Saturday, June 11, 2011

The Queen's Birthday

V. O Lord, save the Queen
R. And mercifully hear us when we call upon thee.

The Queen's Birthday

For many years, R.B. (a member of our parish) hosted a Tea for the Queen’s Birthday. It would be at a local park, complete with a brass quintet playing “Rule, Britannia” and other appropriate music. Ladies were expected to wear hats and gloves; gentlemen to wear ties and jackets. Expatriate Britons from hundreds of miles around came, along with many of us Yanks. It was always an Event of the first magnitude.

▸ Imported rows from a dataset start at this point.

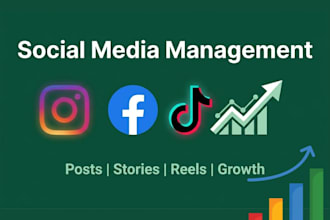 professionally manage your social media accounts for organic growth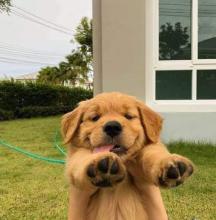 Profile picture for user elizebert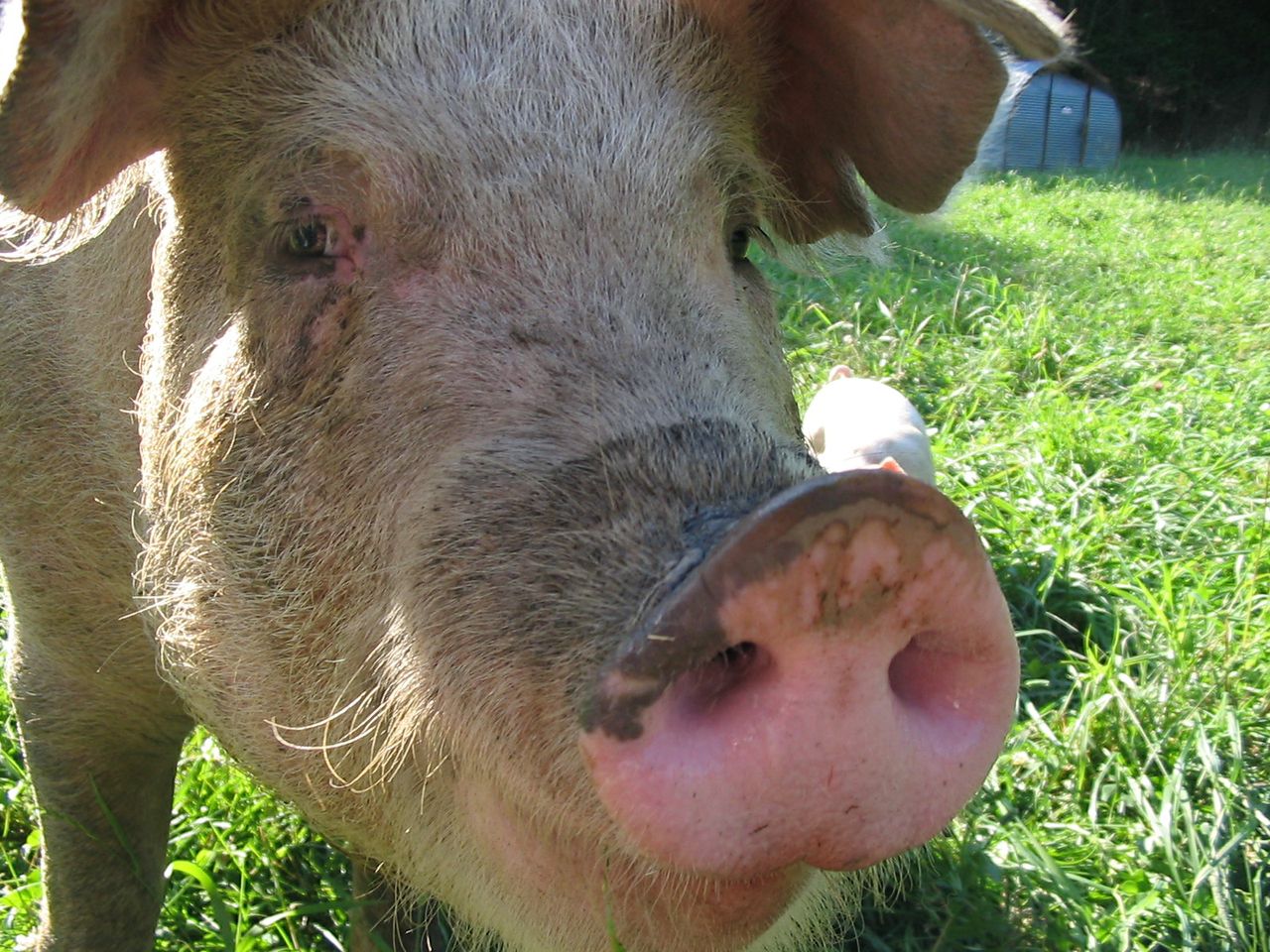 Sap Bush Hollow Farm pig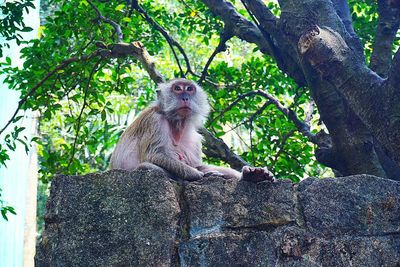 Portrait of monkey sitting on tree trunk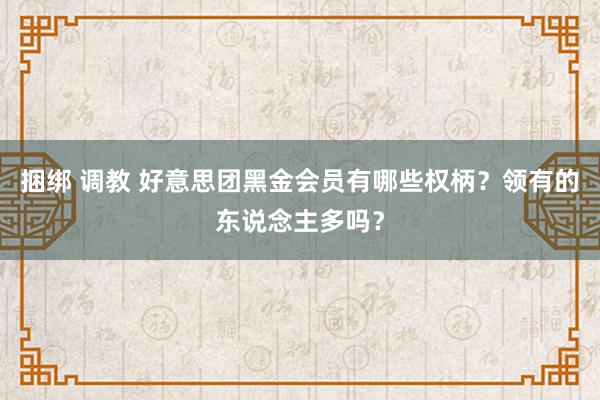 捆绑 调教 好意思团黑金会员有哪些权柄？领有的东说念主多吗？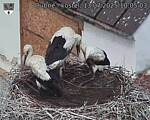 Capi_Dubne_20250713_100503.jpg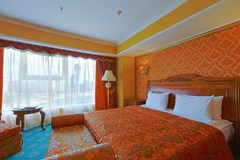 Diplomat Hotel and Business Center: Room SUITE STANDARD - photo 113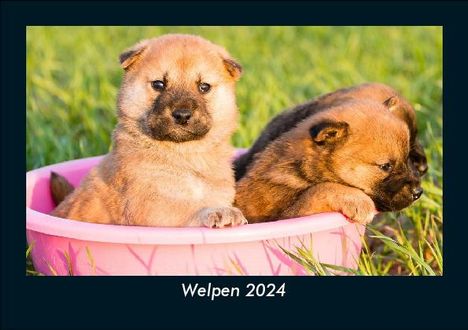 Tobias Becker: Welpen 2024 Fotokalender DIN A5, Kalender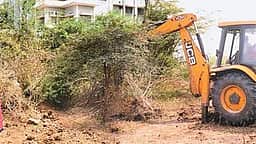 சீமைக் கருவேல மரங்களை அகற்றி நாட்டு மரக்கன்றுகளை நடவு செய்யக் கோரி மனு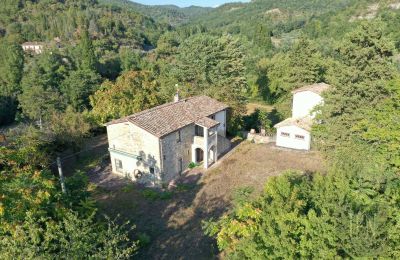 Propriété historique à vendre 06014 Montone, Ombrie, Image 5/35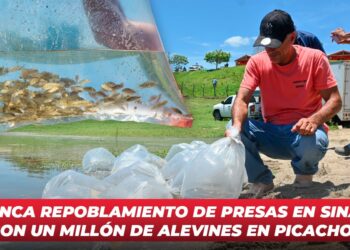 Arranca repoblamiento de presas en Sinaloa con un millón de alevines en Picachos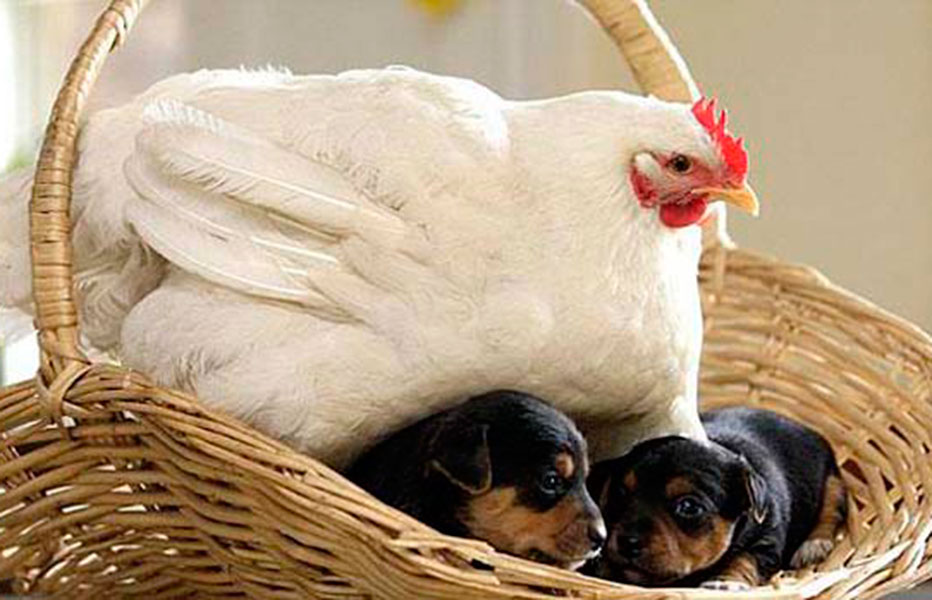 Trece increíbles amistades entre animales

R.B.’s funeral was earlier this spring, so he did not make it to Her Majesty’s eighty-fifth birthday. But I would expect that he might have been looking on from the Upper Gallery seats in heaven, probably bursting with pride at young Prince William in his red uniform and bearskin hat, and the beautiful young Princess Catherine, the new Duchess of Cambridge.

R.B., we miss you.

I am an American. I am proud of our nation. Thomas Jefferson and George Washington are among my heroes. But sometimes I wish we had someone like Queen Elizabeth.

My favorite portrayal of her is outside Parliament in Ottawa, a statue which I have admired in person.

Ever a lover of horses, she is astride “Centennial,” who formerly served in the RCMP and was given to her by the people of Canada in honor of their centennial. Here is another photo.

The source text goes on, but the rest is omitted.